Но если рабство в этих пределах представляло те недостатки и затруднения, которых не могли исправить даже государственные установления, то, быть может, в возмещение этого оно представляло для самого государства какие-либо выгоды? По крайней мере так думали. В сумме тех нужд, которые жизнь и правительство возлагали на плечи народа, делалось подразделение, согласно тому различию, которое было установлено между рабами и свободными: для одних – физическое тело и его потребности, для других – умственное развитие и его права; на первых возлагались обязанности, необходимые для поддержания материальной жизни, на других-различные обязанности политической жизни; на грубом и тяжелом труде рабов покоился тот досуг, в котором нуждался свободный гражданин, чтобы заниматься исключительно благородным трудом для государства. Это как раз то, что мы видели в Спарте; равным образом это и есть то, что, не исключая и Афин, в более или менее ясно выраженной форме занимало всецело философию в ее приложении к политике.

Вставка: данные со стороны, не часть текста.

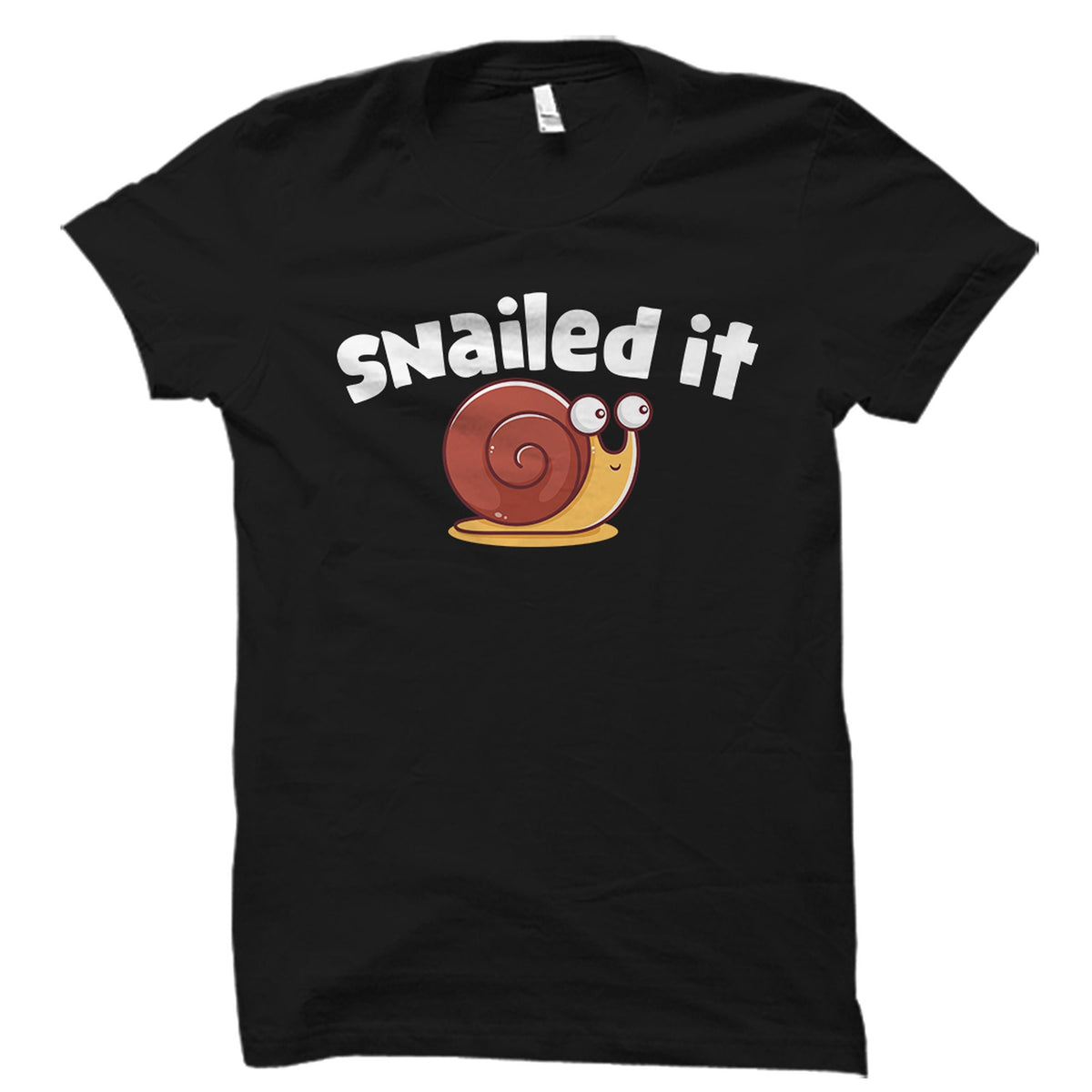 Snail Shirt Snail Gift For Snail Lover Pet Snail Shirt Cute Snail Gift Snail Owner Shirt Snail Owner Gift Snail Lover Shirt Snail OS3670 Graphic Tee – Premium Graphic · High-Quality Print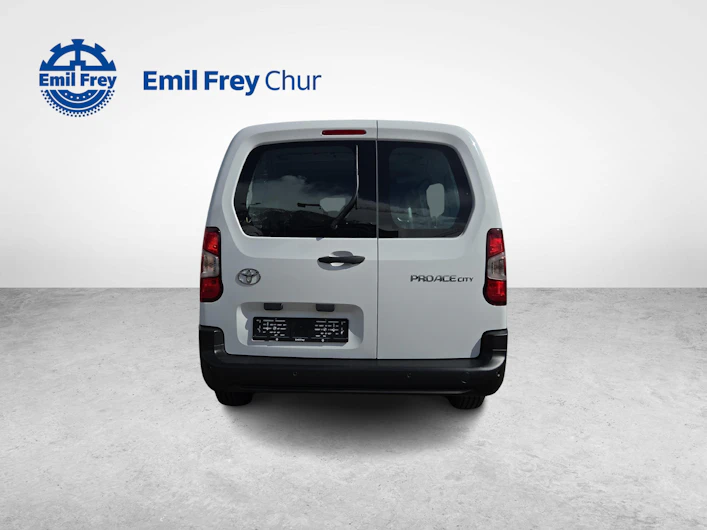 Fahrzeugbild TOYOTA PROACE CITY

Однако оставалась одна трудность: как и на чем укрепить тот фундамент, на котором должен был покоиться государственный строй? Каким бы способом ни старались разрешить этот вопрос, все же в решении этой проблемы оставалась страшная по своей неизвестности величина: это воля, свободная даже в состоянии рабства, могучая сила, которая умела становиться не только равной, но даже большей, чем самые могущественные средства воздействия; и кто же мог тогда дать гарантию против потрясения столь неустойчивого равновесия? В самом деле, не раз восстания нарушали это равновесие, как мы это видели, например, во времена Дримака на Хиосе. Рабство, окрепшее благодаря самому факту гнета, могло иногда при известных обстоятельствах найти себе помощь, которая позволяла ему разорвать свои оковы. Оно извлекало себе пользу из всех внутренних переворотов, с равным жаром примыкая как к дворцовым заговорам, так и к народным движениям, как это можно было видеть в Сиракузах и на Коркире. То, что, по признанию философов, должно было служить необходимым орудием для поддержания общественных свобод, на самом деле всегда готово было стать орудием для деспотизма. Повсюду рабство служило с одинаковым усердием и тирании и демагогии, этой тысячеголовой тирании, пользуясь безнаказанностью со стороны одной и милостями со стороны другой; и сам Аристотель должен был вполне признать это. Ненависть рабов очень хорошо помогала политике тирана, будь это отдельный человек или народ, против богатых; мстительность тирана очень хорошо соответствовала их грубости; примеры: Омфала, отдавшая на волю рабов дочерей самых знатных лидийцев, чтобы отомстить за нанесенное ей оскорбление; а во времена исторические – Херон из Пеллены, ученик Платона, отдавший на подобное же поругание жен и дочерей тех граждан, которые попали в его проскрипционные списки. То же было, когда те овладевали властью, как Афинион, который, став хозяином Аттики, постоянно вспоминал пословицу: «Рабу не давать ножа!». Раб находил также поддержку и у внешних врагов; это оказалось роковым для Хиоса при приближении афинян, которые подняли против господ всех рабов; а при приближении Митридата кто выдал ему в полное его распоряжение самих господ? И историк склоняется перед этим разрушением и гибелью, как перед приговором судьбы: «Так постигло их справедливое отмщение божества, их, которые первые стали пользоваться для своих услуг купленными рабами, хотя у них было достаточно свободных людей для нужд самообслуживания».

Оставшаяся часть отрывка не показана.